▶ [Provided information]
▼

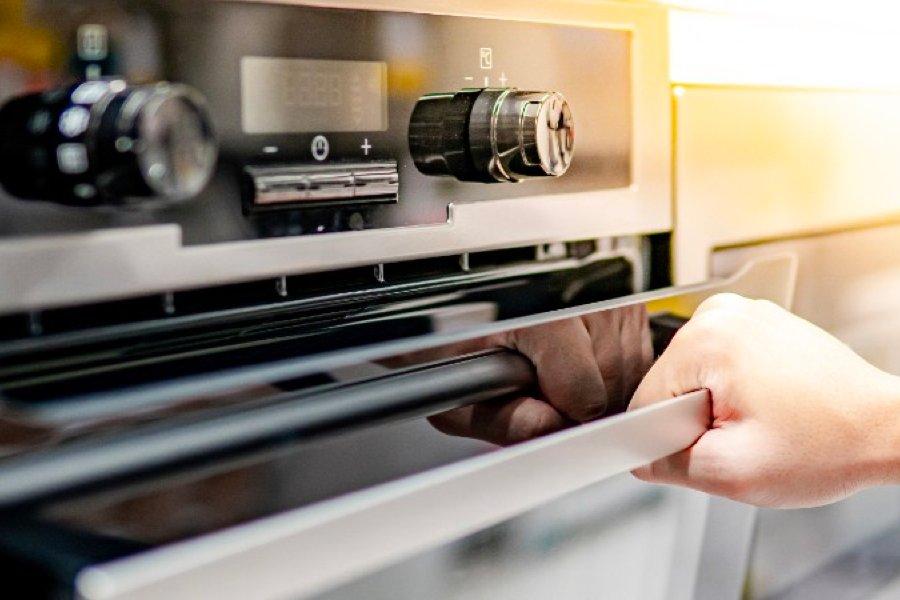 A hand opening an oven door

▲
▼

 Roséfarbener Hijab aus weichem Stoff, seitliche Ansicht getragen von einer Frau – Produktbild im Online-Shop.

▲
▼

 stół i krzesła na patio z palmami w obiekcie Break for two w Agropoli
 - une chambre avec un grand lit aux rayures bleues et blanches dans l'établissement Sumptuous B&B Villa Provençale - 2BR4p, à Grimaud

▲

Once the line with "stół i krzesła" is found in the records above, print exactly that line and every line after it through the line with "- une chambre".

 stół i krzesła na patio z palmami w obiekcie Break for two w Agropoli
 - une chambre avec un grand lit aux rayures bleues et blanches dans l'établissement Sumptuous B&B Villa Provençale - 2BR4p, à Grimaud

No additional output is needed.